Dava pra recomendar outros, talvez melhores, mais premiados filmes de Abbas Kiarostami. O diretor mais importante da história do cinema iraniano possui obras-primas como Gosto de Cereja, uma ode à vida em forma de elegia como poucas vezes o cinema nos trouxe; Dez, um dos retratos mais únicos das relações sociais no Irã; a inebriante trilogia composta por Onde Fica a Casa do Meu Amigo?, O Vento nos Levará e Através das Oliveiras; ou a jornada pelo filme, e pelo Irã, com Close-up. Kiarostami trabalhava nesse seu cinema de relações com as ligações que conectam seus personagens, seus temas ou seus lugares com o espectador. Todos eles são gratificantes. Poucos deles, porém, são tão claros quanto Cópia Fiel em seu objetivo.

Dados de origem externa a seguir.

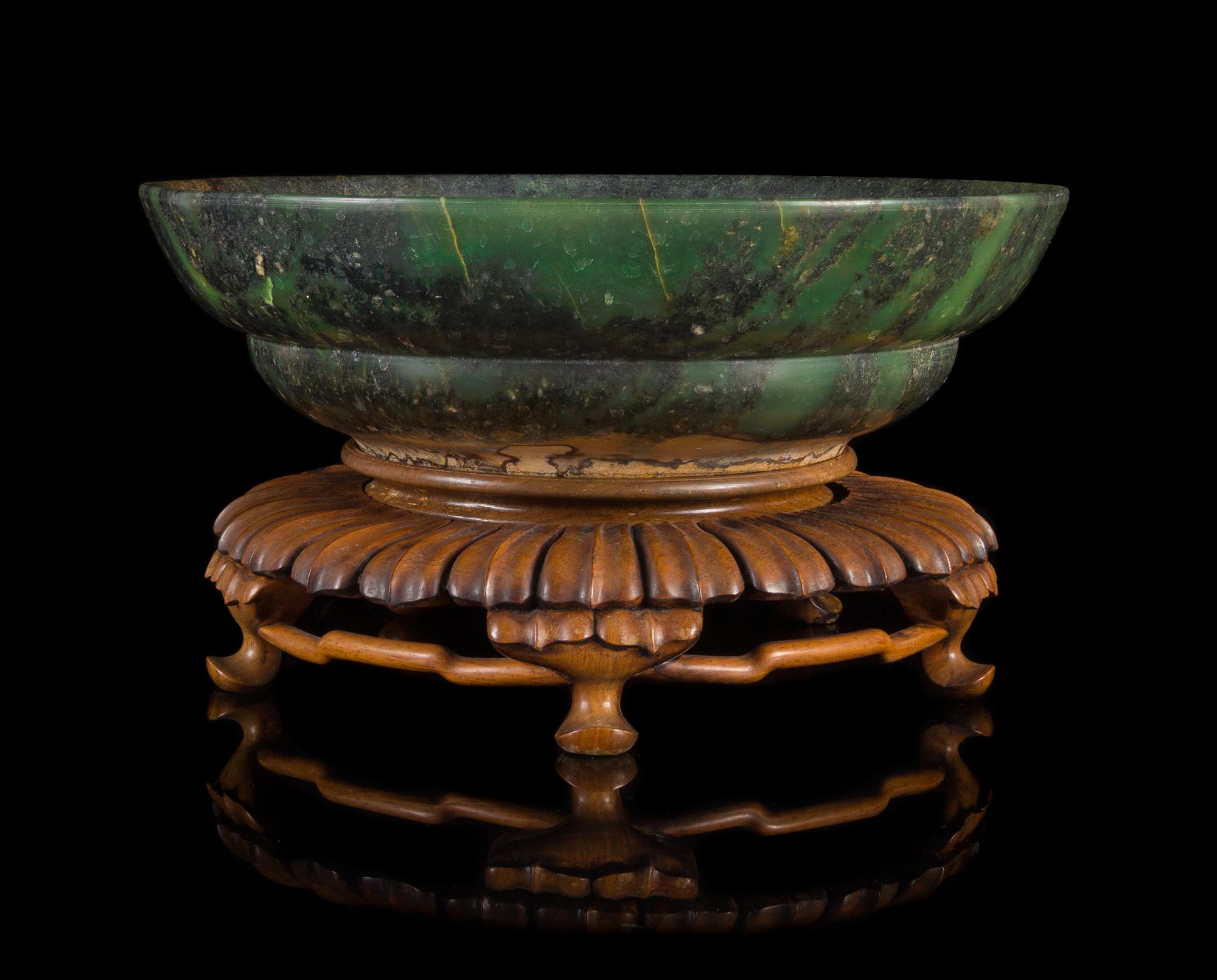 A Large Spinach Jade Bowl Diameter 15 inches.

Juliette Binoche em Cópia Fiel A Mona Lisa de Kiarostami.

O fato é que poucos diretores no cinema buscaram dar ao espectador uma voz. Claro, o cinema não aceita respostas, mas Abbas Kiarostami era um diretor único que permitia a seus filmes serem completados por aqueles que os assistiam. Quando andamos pelas ruas com os dois personagens de Cópia Fiel, nós podemos questionar, junto a eles, os enigmas que envolvem não só a arte, mas também o amor. Os filmes de Kiarostami foram sempre retratos tão lindos da vida por exibir que, como eles, a vida é algo que desvendamos ser cada vez mais rica, estranha, e até mesmo confusa. A vida é uma eterna reflexão de nós mesmos com aquilo que nos liga ao mundo, e foi uma honra poder ter a oportunidade de ser ligado a um mundo incrível, enigmático, mas sempre fascinante que era aquele que Kiarostami nos proporcionava.

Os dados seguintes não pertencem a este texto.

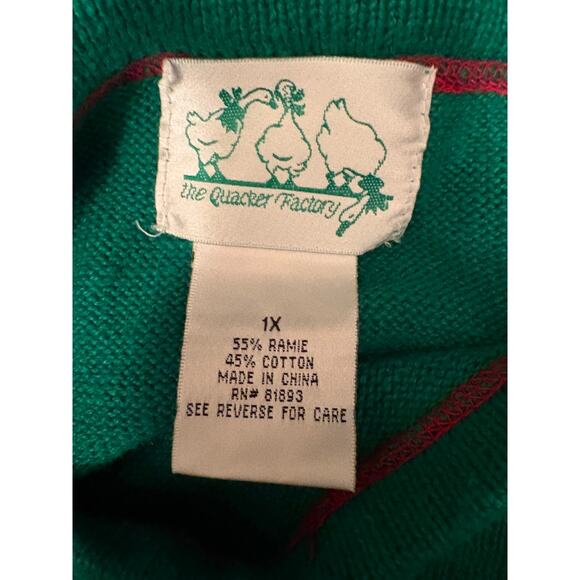 THE QUACKER FACTORY GREEN SNOWMAN HOLIDAY SWEATER SIZE 1X - Picture 4 of 4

Há uma famosa citação de Jean-Luc Godard de que “o cinema começa em Griffith e termina em Abbas Kiarostami”. Eu sou um pouco mais otimista, mas é possível entender o que o francês indica. São poucos os diretores que são mestres, são poucos os diretores que são artistas; são ainda mais raros aqueles que são os dois. E esses, os mais raros, que são os poetas. E Kiarostami era talvez o maior do nosso tempo.

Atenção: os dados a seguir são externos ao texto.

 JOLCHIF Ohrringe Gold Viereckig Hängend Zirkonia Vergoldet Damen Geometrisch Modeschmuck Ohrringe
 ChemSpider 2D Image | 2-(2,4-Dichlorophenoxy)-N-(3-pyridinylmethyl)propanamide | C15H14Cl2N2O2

E o poeta nos deixou. O cinema não acaba aqui, mas algo realmente não vai mais ser visto. É triste imaginar que eu não serei questionado, com a delicadeza e a sofisticação, por Kiarostami em mais um filme. Mas ele mesmo já nos mostrou o que fazer. Quando James sai de quadro pela última vez em Cópia Fiel, Kiarostami finalmente nos deixa sozinhos. Finalmente, após mais de uma hora e meia acompanhados, nós estabelecemos uma ligação com nós mesmos. E é isso que esse poeta nos deixou: a possibilidade de nos experimentar, de nos conhecer, de nos impressionarmos.

Através das lacunas da sua poesia, Kiarostami nos ensinou a saborear o maior enigma que há: o de nós mesmos.

E por isso, meu muito obrigado, Kiarostami. Foi uma honra.